The SLJWT does seem useful, but 1h seems too much; if I fear someone might be (for example) accessing my email account using a stolen or hijacked device, they can do plenty of damage in that time. Do you make it clear to the user that their request for a remote sign out might take that long to be applied?

> If you need to access the DB to check if you can emit a new SLJWT, what's the point of the LLJWT?

It doesn't have to hit the DB, it could hit memcache or similar caching layer. It also means we could separate this table out from our main DB. We have done neither because it hasn't been an issue (performance-wise) yet.

> Why not just store that UUID by itself?

We could do that, our thought process was that we wanted everything to be a JWT and we liked the ability to, given a JWT, know who it was issued to, when it was issues, and when it expires, all without going to the DB.

> The SLJWT does seem useful, but 1h seems too much; if I fear someone might be (for example) accessing my email account using a stolen or hijacked device, they can do plenty of damage in that time. Do you make it clear to the user that their request for a remote sign out might take that long to be applied?

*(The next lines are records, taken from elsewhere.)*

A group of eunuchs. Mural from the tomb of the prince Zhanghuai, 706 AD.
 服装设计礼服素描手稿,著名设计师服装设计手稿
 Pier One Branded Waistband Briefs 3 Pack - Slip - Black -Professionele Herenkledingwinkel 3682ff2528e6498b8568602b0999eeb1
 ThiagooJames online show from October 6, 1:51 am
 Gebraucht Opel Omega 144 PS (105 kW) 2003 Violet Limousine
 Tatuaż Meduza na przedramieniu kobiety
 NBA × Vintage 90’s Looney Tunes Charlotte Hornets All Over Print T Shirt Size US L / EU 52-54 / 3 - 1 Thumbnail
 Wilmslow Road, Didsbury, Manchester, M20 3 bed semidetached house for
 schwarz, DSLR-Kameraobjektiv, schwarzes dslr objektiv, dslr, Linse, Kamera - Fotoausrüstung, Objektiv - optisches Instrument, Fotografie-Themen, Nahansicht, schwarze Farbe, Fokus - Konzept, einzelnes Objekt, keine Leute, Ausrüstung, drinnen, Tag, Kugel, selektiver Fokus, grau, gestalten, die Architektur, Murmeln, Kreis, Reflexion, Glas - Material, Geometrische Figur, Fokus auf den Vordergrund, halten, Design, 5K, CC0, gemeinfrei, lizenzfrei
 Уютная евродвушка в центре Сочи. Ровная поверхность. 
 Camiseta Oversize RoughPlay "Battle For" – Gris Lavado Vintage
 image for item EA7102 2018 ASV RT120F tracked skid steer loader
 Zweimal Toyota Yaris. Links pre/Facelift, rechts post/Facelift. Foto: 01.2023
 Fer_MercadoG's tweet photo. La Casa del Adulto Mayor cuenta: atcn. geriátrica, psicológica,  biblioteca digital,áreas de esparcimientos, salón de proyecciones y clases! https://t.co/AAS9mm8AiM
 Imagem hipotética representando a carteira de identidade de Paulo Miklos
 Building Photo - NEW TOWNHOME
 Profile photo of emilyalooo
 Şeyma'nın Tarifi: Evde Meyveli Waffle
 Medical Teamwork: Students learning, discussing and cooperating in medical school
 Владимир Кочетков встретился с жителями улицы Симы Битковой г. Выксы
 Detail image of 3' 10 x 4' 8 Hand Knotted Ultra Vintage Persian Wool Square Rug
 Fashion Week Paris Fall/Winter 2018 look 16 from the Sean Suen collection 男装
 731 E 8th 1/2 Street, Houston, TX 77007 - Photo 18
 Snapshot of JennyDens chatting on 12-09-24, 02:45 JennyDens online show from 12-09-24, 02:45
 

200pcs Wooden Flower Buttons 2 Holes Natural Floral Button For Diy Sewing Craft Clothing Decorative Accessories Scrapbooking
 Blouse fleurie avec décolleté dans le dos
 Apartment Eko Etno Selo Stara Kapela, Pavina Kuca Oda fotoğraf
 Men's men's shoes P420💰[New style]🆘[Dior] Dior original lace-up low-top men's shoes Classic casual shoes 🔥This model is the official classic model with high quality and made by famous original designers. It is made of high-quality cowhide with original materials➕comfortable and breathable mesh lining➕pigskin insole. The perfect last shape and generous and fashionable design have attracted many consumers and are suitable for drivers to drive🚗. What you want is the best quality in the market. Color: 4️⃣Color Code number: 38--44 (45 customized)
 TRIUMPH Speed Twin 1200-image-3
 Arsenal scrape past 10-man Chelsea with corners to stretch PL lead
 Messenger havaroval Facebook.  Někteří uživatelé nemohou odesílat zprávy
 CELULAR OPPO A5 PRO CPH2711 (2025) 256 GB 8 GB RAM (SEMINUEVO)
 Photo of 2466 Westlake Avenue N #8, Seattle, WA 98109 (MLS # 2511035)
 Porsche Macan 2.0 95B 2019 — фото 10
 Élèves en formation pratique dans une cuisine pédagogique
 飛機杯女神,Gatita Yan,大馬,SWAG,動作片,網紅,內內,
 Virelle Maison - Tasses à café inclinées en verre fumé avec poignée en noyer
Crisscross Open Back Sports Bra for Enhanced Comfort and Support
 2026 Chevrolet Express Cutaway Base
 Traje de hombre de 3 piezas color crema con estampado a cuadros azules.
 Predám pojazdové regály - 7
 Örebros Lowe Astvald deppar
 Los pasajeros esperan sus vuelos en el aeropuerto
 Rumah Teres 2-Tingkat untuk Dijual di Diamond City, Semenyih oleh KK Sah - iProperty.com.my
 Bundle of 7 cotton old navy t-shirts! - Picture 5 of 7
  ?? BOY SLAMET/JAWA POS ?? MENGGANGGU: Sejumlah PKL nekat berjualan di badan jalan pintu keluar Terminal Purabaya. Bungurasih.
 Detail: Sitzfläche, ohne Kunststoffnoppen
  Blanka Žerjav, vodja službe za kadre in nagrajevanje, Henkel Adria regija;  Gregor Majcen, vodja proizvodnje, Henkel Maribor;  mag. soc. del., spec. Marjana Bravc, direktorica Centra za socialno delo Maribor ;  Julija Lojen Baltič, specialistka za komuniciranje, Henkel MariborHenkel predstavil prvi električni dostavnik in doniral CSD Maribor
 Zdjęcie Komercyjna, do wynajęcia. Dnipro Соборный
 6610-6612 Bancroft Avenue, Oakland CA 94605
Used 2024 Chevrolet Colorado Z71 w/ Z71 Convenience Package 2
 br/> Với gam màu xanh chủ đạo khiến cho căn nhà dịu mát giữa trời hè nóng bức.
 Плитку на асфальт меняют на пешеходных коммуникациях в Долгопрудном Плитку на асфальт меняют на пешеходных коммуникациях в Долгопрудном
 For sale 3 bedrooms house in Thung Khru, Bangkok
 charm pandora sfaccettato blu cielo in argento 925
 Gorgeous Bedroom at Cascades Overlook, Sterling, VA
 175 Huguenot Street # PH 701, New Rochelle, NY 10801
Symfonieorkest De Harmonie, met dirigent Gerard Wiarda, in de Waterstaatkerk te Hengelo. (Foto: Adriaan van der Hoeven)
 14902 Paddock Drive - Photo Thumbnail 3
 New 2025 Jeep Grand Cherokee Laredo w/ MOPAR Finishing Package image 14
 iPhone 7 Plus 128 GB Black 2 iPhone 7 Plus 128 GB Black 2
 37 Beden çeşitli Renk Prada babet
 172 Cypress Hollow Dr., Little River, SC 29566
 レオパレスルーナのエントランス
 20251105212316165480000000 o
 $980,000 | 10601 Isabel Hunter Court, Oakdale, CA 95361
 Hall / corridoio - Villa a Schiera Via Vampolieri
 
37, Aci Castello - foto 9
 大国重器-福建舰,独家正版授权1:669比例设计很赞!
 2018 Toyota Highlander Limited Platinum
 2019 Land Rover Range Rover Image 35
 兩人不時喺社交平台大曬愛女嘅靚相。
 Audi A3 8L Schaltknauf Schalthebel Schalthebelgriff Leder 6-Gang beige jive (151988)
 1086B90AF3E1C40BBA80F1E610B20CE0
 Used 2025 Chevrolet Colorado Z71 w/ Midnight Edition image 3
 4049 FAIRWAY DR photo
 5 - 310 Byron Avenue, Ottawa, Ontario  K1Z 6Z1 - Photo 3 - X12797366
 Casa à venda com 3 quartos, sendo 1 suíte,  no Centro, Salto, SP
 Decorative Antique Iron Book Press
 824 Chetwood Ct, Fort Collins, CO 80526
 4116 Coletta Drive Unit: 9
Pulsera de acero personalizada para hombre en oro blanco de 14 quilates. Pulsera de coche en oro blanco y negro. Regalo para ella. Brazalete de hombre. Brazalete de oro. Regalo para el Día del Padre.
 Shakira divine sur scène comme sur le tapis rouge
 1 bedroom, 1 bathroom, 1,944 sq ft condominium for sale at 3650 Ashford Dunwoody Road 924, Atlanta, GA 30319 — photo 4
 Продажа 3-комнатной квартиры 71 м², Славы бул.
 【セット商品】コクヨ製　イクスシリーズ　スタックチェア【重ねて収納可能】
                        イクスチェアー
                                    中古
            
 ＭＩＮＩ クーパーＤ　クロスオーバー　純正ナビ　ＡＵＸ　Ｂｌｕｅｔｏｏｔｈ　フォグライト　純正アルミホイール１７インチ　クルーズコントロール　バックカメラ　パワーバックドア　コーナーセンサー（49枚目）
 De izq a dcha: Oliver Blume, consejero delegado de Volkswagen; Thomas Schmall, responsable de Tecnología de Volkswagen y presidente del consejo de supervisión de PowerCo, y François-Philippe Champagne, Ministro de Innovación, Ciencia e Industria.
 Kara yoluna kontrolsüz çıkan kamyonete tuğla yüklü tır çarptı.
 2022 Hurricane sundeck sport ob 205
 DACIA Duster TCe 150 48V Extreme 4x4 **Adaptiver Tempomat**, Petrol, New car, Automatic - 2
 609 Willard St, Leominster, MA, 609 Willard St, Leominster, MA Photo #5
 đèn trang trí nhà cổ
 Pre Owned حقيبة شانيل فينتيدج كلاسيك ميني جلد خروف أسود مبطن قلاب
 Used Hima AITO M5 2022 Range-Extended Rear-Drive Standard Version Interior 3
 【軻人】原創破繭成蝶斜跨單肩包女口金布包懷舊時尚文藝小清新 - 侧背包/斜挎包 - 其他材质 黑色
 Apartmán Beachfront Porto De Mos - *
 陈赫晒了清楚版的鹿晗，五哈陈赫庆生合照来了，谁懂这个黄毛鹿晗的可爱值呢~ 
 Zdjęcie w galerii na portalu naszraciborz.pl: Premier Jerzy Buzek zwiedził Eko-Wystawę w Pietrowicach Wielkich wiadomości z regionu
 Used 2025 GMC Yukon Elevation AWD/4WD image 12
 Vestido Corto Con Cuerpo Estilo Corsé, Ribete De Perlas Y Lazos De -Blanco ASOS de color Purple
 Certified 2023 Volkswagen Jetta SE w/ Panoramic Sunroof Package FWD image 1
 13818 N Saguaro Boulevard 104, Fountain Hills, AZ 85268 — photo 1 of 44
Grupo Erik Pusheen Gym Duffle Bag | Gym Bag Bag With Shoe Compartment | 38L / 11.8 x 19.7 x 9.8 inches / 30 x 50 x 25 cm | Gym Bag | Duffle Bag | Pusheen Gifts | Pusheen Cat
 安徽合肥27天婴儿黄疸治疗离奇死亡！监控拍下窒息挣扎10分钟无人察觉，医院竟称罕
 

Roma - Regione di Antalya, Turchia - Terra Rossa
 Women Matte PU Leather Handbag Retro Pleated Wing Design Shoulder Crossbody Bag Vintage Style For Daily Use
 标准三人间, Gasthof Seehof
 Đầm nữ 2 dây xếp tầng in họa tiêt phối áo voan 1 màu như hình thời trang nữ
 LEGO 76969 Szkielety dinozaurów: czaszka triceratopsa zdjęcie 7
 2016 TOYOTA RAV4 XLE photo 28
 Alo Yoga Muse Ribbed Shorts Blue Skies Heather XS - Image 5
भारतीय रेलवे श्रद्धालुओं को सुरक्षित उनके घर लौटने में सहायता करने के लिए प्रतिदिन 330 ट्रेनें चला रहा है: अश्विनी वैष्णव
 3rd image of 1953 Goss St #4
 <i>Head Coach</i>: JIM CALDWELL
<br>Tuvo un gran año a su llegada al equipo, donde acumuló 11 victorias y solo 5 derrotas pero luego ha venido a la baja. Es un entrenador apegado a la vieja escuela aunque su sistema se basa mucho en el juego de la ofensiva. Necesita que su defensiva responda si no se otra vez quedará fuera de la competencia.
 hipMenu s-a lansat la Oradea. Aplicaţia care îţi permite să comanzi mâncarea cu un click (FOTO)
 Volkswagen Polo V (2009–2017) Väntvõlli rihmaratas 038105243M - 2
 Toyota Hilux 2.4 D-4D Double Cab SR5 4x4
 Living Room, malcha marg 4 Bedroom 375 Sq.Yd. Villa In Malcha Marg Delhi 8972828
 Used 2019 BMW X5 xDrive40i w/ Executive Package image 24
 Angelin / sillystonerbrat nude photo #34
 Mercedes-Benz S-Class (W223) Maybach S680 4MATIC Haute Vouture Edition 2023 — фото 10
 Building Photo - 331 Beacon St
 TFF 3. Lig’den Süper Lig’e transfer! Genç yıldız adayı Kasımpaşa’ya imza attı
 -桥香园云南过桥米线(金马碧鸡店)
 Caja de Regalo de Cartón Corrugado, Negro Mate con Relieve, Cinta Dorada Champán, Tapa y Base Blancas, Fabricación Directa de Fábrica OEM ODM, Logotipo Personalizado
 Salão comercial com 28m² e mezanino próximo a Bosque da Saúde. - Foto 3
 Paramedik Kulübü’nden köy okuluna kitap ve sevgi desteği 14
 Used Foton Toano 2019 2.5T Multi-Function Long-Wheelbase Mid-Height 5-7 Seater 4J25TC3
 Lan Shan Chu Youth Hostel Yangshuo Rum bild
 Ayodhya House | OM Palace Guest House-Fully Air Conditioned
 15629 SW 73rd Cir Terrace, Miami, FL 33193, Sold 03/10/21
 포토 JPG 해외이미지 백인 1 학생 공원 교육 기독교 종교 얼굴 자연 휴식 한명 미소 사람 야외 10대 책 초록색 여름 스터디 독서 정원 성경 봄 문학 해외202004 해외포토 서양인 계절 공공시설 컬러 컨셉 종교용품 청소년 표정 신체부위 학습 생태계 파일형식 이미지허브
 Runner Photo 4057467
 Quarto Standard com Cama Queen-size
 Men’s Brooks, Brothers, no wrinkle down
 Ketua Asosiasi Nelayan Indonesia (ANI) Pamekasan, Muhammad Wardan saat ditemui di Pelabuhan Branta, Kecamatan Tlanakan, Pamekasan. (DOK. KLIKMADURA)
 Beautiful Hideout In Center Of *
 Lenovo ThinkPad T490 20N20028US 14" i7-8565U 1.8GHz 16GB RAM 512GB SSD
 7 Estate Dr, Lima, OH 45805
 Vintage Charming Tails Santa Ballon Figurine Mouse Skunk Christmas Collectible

Totally agree on 1hr being too long and that is why we are planning on lowering it. We have technical reasons (legacy apps that we are trying to get updated) that will not work with lower than 1 hour (I won't bore people here with the details and there are workarounds but we haven't implemented them yet)

Right, but then you just added state and re-invented sessions, in a round-about way.
True, but it was what we decided was the best way forward with web and mobile app users to standardize how we manage authentication. Does it share characteristics with sessions? Yes and we are ok with that.

Edit: One more point, we also like how JWT's are language agnostic so that we can jump between languages very easily if needed and still use the exact same concepts. Sharing sessions between, say, Java and PHP is not something that is simple/fun/easy to do. JWT's are also easier for us to reason around with, maybe it's just me or my team but I see them as more finite than sessions.